Разнообразие провинциального монументального искусства, порождённое связью с народным творчеством, можно противопоставить единству, «чистоте» стиля столицы2. В этом отношении разнообразие противоположно понятию «стиль» в принципе: отсюда можно вывести «внестилевые» периферийные явления. Противостояние понятий единства и разнообразия не отменяет безусловного влияния столицы и основных стилистических направлений на провинциальную ситуацию. Интересно, что если в церковной архитектуре с 1840-х гг. на государственном уровне проводились мероприятия по унификации форм (а именно, в Строительный Устав было введено знаменитое примечание, в котором рекомендовано было следовать образцовым проектам К.А. Тона), то в стенописи процветало многообразие направлений. Среди них можно условно выделить основные. Для первой половины XIX в. характерны два течения – «чистый» классицизм и «позднее барокко» (иногда данное направление обозначается как классицизм с барочными чертами). Со второй половины 1860-х гг. – до начала XX в. развиваются классицизирующая эклектика, своеобразные проявления русского стиля и примитивизм. Все перечисленные направления объединяются понятием «академическая живопись», что, безусловно, справедливо и призвано в первую очередь противопоставить её росписям в древнерусской традиции. Однако стилистическую «принадлежность» различных направлений росписей этот термин никак не обнаруживает.
Классицистическая живопись начала XIX в., пожалуй, единственная к которой вообще законно можно применять слово «стиль», так как памятники этого направления чаще всего наиболее «столичные» из всех провинциальных; их с наибольшей точностью можно соотнести с магистральными столичными линиями изобразительного искусства. Как правило, классицистические росписи – явление единичное, в упомянутых выше областях не нашлось ни одного примера существования школы подобной живописи или хотя бы нескольких храмов в одном районе, расписанных одной артелью в похожей стилистике. Создаётся впечатление, что росписи каждый раз создавались по дворянскому заказу и выполнялись мастерами, связанными со столичными центрами в большей степени, чем в последующие десятилетия XIX в. Если, забегая вперед, с этой точки зрения рассматривать весь XIX в., то можно предположить, что столичное происхождение художников особенно явно в начале XIX в. и затем уже на рубеже XIX и XX вв., когда из столицы стали распространяться импульсы модерна – другого большого стиля, нашедшего своеобразное отражение на провинциальной почве и требующего специального изучения, которое превосходит рамки данного небольшого исследования. Разнообразные по стилю росписи второй четверти, середины и второй половины XIX в. чаще всего исполнялись местными мастерами. Памятники этого времени можно объединить в группы, предполагая работу одной артели.
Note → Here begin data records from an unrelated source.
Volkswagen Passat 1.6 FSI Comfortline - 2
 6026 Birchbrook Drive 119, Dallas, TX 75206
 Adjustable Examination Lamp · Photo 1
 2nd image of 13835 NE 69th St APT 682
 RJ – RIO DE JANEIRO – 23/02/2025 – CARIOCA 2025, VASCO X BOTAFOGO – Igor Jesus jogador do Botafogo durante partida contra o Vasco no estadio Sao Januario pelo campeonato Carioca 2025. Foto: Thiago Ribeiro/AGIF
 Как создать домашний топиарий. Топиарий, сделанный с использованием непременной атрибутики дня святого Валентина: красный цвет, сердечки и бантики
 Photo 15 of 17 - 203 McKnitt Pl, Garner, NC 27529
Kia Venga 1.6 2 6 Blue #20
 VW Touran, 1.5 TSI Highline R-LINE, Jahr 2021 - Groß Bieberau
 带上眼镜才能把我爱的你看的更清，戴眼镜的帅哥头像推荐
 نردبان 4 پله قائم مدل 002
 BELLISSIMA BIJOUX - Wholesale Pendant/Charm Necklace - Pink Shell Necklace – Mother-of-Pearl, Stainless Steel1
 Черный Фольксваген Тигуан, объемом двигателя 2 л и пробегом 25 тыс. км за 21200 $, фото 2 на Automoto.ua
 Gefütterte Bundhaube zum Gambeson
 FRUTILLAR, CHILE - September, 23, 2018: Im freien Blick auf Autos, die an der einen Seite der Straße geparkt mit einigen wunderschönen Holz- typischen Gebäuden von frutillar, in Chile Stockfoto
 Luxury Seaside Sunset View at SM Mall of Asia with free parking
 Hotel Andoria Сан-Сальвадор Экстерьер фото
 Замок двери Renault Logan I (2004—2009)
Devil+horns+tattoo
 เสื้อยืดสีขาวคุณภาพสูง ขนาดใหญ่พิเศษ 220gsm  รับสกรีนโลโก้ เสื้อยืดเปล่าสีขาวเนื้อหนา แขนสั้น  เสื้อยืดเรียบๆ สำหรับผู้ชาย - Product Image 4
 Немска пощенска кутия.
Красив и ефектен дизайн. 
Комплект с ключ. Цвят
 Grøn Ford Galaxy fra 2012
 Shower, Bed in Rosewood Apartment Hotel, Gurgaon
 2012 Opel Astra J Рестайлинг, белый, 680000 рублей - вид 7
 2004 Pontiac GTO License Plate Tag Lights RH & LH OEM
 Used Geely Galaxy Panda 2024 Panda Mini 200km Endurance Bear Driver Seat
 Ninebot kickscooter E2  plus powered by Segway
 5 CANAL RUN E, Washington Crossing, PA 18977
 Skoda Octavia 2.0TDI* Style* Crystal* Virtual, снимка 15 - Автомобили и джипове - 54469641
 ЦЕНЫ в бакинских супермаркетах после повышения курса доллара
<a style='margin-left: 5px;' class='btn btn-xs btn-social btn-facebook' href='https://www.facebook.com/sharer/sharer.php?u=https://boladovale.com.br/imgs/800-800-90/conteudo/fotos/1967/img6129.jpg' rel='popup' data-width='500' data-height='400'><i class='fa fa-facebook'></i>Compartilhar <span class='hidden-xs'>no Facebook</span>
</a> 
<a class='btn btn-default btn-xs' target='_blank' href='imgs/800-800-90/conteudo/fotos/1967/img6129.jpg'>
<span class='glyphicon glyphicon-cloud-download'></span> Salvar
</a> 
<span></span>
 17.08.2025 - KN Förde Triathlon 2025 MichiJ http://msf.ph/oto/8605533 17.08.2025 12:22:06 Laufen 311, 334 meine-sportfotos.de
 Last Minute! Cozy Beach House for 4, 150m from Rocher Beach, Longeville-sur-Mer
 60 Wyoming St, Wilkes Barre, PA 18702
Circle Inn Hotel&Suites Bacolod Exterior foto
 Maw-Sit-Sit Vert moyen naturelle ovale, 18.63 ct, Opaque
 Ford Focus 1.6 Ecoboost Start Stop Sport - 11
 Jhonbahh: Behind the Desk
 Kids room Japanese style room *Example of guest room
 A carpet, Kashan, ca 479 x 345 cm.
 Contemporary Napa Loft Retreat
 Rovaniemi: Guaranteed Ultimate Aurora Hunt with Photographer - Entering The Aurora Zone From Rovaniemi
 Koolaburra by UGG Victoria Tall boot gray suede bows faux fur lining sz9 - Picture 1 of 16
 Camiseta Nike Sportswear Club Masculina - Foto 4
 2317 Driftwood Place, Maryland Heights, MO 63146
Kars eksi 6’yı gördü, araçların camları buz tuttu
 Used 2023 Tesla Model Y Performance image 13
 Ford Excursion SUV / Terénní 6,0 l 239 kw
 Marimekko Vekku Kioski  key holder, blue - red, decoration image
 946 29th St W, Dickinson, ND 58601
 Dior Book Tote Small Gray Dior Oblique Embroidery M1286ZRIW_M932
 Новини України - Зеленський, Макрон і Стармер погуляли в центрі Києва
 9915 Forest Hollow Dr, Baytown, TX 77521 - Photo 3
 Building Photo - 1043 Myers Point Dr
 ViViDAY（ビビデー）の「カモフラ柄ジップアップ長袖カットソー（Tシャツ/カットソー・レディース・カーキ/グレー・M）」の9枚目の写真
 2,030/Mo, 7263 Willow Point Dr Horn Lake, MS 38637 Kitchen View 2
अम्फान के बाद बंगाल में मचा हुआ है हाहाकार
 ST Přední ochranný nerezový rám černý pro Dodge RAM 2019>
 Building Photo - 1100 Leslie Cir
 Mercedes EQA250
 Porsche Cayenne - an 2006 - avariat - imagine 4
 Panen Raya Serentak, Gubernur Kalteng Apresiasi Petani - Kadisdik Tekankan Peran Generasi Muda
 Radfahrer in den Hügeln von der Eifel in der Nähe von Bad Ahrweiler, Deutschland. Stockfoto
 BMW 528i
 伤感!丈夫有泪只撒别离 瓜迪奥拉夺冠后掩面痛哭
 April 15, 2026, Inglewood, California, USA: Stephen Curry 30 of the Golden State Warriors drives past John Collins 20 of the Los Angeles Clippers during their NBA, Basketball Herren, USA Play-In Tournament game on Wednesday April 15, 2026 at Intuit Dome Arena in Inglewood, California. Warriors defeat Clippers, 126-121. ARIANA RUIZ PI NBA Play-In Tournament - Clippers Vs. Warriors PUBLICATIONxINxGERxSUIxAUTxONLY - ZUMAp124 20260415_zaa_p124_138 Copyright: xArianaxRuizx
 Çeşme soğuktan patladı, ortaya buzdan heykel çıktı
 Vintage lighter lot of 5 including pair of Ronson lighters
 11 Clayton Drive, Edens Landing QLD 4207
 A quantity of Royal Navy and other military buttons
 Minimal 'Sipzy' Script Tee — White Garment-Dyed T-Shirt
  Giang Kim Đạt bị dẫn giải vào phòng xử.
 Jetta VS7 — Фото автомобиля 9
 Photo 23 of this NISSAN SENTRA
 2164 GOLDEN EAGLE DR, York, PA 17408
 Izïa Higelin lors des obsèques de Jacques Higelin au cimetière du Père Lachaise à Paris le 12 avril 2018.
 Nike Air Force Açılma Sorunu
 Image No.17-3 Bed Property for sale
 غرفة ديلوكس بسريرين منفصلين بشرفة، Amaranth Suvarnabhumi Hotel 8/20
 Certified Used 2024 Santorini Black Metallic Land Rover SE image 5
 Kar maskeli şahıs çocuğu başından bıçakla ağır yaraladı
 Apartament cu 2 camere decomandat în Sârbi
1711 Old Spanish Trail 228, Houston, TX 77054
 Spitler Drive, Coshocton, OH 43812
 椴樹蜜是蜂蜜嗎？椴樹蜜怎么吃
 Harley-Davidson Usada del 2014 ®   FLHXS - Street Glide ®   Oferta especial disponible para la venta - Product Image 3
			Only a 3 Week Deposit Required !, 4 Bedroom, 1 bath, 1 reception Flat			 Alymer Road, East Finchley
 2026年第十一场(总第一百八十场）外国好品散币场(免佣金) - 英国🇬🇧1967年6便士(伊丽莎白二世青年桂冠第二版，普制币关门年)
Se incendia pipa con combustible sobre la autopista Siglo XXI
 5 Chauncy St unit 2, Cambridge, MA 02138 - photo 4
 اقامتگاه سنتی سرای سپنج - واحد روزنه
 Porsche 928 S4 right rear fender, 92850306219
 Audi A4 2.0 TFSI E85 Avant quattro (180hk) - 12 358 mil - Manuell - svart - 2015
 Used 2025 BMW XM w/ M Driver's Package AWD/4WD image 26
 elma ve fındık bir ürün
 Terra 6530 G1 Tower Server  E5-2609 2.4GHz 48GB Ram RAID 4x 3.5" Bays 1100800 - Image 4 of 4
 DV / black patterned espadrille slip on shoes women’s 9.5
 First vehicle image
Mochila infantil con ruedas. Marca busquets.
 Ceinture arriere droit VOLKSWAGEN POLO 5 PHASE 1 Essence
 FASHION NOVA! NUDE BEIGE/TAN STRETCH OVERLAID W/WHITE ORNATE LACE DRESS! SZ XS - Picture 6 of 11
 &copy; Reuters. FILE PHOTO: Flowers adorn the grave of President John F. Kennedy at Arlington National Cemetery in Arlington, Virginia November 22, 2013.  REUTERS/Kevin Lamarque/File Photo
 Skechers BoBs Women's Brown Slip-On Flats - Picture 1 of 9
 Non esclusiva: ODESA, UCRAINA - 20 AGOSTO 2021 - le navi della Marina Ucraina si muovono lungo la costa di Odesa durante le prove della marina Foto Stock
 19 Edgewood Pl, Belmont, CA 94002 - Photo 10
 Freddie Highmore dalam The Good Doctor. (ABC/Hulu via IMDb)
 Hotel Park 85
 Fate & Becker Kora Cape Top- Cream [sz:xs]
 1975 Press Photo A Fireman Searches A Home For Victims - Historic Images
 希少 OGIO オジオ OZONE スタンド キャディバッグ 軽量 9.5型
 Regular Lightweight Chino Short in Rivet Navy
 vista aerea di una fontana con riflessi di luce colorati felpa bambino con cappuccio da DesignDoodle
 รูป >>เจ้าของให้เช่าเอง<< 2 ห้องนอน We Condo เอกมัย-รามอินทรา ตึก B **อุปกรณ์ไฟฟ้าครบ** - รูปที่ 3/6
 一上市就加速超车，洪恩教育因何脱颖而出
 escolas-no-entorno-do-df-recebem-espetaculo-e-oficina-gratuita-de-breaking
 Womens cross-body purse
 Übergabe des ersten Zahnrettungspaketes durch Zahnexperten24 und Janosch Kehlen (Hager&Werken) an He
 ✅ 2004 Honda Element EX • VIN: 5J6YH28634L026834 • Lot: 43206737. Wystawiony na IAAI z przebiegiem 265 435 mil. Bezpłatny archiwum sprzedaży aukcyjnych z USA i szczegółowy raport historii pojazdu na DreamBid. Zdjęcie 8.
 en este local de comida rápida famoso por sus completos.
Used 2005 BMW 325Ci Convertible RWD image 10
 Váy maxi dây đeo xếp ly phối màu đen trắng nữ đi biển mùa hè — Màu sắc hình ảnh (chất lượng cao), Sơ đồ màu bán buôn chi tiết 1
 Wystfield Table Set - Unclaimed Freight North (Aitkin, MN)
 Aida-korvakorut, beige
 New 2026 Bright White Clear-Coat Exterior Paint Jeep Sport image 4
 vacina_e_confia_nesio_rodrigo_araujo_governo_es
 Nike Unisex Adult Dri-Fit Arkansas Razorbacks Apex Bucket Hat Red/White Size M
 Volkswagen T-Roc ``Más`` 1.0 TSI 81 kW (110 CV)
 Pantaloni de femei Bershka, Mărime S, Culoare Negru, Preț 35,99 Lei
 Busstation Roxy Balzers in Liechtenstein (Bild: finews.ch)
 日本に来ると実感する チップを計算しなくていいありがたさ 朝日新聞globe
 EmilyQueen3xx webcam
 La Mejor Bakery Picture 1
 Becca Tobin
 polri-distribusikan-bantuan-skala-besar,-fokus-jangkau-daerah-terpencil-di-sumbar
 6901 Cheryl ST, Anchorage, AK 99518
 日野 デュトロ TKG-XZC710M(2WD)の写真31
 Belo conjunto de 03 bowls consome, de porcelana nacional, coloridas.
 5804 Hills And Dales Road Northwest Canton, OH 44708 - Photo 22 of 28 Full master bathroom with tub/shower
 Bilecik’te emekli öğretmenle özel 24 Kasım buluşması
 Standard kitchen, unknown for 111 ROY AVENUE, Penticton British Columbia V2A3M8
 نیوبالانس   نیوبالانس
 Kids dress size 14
Итак, классицистическая живопись, напротив, уникальна (понятно, что и сохранилась она хуже, чем росписи последующих десятилетий): её яркими примерами могут служить росписи церквей Рождества Богородицы с. Салтыково Кашинского района Тверской области (1791–1806) и Рождества Христова с. Желудёво Шиловского района Рязанской области (1811–1830)3.
Архитектурные формы здесь образуют новаторское для того времени пространство с высокими арками, купольным завершением, а роспись призвана всё это подчёркнуть, находясь в полном согласии с архитектурой. Росписи здесь – органичная часть стены; в каждом её отрезке подчеркивается связь с конструкцией здания. Живопись часто воспроизводит лепной декор, помогая раскрыть эстетические возможности конструктивной основы. В таких интерьерах барочные примеси в отделке отсутствуют, но преобладает классицистическая строгость. Формат композиций здесь соотнесён с отдельным участком стены: в таких случаях архитектурные формы «подчиняют» роспись. Рамами для композиций и фигур служит сама архитектурная форма конкретного участка стены, что хорошо видно по росписям храма Нерукотворного Спаса с. Млёво Удомельского района Тверской области (1790–1820). Роспись занимает то, что, так сказать, «оставляет» архитектура. Скажем, поверхность паруса обрамлена профилированным краями и арок, и барабана, куда и вписано изображение евангелиста: в таком случае даже не нужна рама.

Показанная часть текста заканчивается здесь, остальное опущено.